You can find the first article of the series here: Crazy DevOps interview questions.
Suppose you run the following commands:
# cd /tmp # mkdir a # cd a # mkdir b # cd b # ln /tmp/a a
… what is the result?
At this point one may point out that the hardlink being defined may basically create a circular reference, which is a correct answer on its own. It’s not complete, though: how would the operating system (the file system) handle such command, anyway?
A command line guru may simply dismiss the question saying that hardlinks are not allowed for directories and that’s about it. Another guru may point out that we’re missing the -d parameter to ln and the command will fail before anything else considered. Correct, but still not the complete answer expected by the interviewer.
The complete answer must point out that:
Not all file systems disallow directory hardlinks (most do). The notable exception is HFS+ (Apple OS/X).
The hard links are, by definition, multiple directory entries pointing to a single inode. There is a “hardlink counter” field within the inode. Deleting a hard link will not delete the file unless that counter is 1.
Directory hard links are not by definition dangerous to be disallowed by default. The major problem with them is the circular reference situation described above. This can be solved by using graph theory but such implementation is both cpu and memory intensive.
The decision to disallow hard links for directories was taken with this computation cost in mind.
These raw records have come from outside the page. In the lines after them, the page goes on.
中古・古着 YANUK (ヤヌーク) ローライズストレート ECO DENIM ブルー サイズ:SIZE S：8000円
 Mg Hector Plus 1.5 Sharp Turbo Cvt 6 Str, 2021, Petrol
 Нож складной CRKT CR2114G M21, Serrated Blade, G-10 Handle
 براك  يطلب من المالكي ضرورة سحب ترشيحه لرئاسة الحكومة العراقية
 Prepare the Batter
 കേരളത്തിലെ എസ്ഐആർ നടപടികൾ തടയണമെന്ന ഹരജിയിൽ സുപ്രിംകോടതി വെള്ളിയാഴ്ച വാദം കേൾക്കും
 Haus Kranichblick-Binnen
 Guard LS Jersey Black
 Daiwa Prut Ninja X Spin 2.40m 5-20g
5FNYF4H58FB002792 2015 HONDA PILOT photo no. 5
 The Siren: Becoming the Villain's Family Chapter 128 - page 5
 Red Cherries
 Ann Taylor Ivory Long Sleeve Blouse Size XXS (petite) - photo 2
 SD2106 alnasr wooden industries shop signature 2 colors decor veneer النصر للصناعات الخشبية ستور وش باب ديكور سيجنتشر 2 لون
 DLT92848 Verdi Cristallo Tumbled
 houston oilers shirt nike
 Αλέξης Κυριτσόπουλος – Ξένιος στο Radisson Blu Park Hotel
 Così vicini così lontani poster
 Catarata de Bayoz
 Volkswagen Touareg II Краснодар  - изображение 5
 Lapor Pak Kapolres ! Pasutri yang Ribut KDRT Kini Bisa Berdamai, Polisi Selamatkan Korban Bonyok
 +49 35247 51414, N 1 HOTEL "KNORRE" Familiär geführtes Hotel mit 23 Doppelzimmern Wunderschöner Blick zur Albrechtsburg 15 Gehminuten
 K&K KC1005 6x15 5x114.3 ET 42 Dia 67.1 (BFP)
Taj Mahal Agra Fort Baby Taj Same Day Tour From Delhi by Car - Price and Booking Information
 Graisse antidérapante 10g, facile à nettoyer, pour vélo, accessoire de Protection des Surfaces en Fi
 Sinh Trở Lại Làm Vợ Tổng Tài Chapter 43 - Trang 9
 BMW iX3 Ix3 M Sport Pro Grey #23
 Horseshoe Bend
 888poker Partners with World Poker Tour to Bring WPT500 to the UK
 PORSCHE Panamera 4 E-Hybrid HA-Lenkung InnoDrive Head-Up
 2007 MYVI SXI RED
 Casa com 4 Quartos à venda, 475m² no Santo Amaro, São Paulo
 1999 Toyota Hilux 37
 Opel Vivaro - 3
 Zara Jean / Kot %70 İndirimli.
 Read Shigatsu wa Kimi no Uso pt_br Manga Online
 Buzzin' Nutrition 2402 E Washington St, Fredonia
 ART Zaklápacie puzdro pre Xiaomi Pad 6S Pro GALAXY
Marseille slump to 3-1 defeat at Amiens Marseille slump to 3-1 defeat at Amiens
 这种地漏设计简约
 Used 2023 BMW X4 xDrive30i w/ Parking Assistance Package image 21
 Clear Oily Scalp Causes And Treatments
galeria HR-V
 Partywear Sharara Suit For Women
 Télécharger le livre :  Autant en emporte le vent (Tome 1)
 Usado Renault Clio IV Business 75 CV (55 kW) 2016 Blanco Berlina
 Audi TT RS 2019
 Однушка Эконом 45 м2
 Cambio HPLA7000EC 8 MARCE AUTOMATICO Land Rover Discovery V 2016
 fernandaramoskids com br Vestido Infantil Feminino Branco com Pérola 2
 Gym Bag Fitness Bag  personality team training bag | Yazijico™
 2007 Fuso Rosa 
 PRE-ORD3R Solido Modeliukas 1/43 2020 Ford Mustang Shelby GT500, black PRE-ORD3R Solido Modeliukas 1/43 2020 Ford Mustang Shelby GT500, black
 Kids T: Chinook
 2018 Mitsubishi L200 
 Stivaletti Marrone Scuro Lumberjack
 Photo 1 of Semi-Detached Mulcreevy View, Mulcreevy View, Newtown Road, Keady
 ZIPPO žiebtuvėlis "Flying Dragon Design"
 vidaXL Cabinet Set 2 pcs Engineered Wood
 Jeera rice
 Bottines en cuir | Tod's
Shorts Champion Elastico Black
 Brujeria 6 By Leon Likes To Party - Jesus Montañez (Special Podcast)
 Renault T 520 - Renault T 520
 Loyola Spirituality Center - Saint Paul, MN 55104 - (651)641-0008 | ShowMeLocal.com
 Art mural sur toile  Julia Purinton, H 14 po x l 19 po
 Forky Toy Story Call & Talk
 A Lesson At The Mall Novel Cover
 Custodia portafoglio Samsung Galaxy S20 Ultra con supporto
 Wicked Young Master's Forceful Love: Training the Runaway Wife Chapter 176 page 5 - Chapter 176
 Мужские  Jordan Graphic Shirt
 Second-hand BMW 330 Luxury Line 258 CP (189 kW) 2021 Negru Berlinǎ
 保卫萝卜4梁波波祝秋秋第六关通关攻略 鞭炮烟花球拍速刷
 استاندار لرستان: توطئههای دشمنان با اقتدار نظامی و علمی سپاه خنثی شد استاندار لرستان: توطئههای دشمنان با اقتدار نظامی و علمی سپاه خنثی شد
Such computation cost grows with the file system size.
I agree to you that a comprehensive answer is usually expected in an interview setting by a company within the “Big Four” technology companies.
Suppose you run the following command on Linux:
# mv /home/testuser/magicalapp /usr/local/
… what does it do? How does it work (or if does not work, why not)?
The answer is with the basic mv functionality. This command may or may not actually move files around; most of the time it just creates a new directory entry at the destination, pointing to the same inode as the source (the source directory entry is being deleted within the process).
When the source and the destination are on different file systems, mv usually works in the same way as:
# cp -r /home/testuser/magicalapp /usr/local/ # rm -rf /home/testuser/magicalapp
Note (1): Older (like in very old) versions of mv were not able to move directories between file systems.
Note (2): in PowerShell the move item equivalent works differently; it can move files between file systems but has no recurse functionality.
This is a nice question to ask in an interview, don’t you think? Not sure how many people would answer it correctly, though.
What does every field in the top cpu usage mean? (e.g. us, sy, wa, …)
The “general” answer is that these fields contain percent values, all adding up to 100. Each value is a “quota”: the % of the cpu usage is consumed by that particular type of task. The tasks are:
us: user space programs, all the general processing, not otherwise identified.
sy: everything kernel related – kernel mode processing.
ni: user space programs running in “nice” mode.
id: idle time; the cpu “runs” NOP commands.
wa: waiting for resource (e.g. hard disk, network). This does not indicate busy waiting but rather cpu time spent sending or receiving raw data to/from external devices.
hi: time spent handling hardware interrupts (generated by external devices such as the physical network interface). A large value here may possibly indicate a DDoS on the network interface.
si: time spent handling software interrupts. User programs request kernel services via a software interrupt but there may be more usages.
st: stolen cpu time (not available on physical nodes). This is cpu time used by the hypervisor in a virtualized environment.
This was the second episode of the interview questions. Hope you enjoyed it!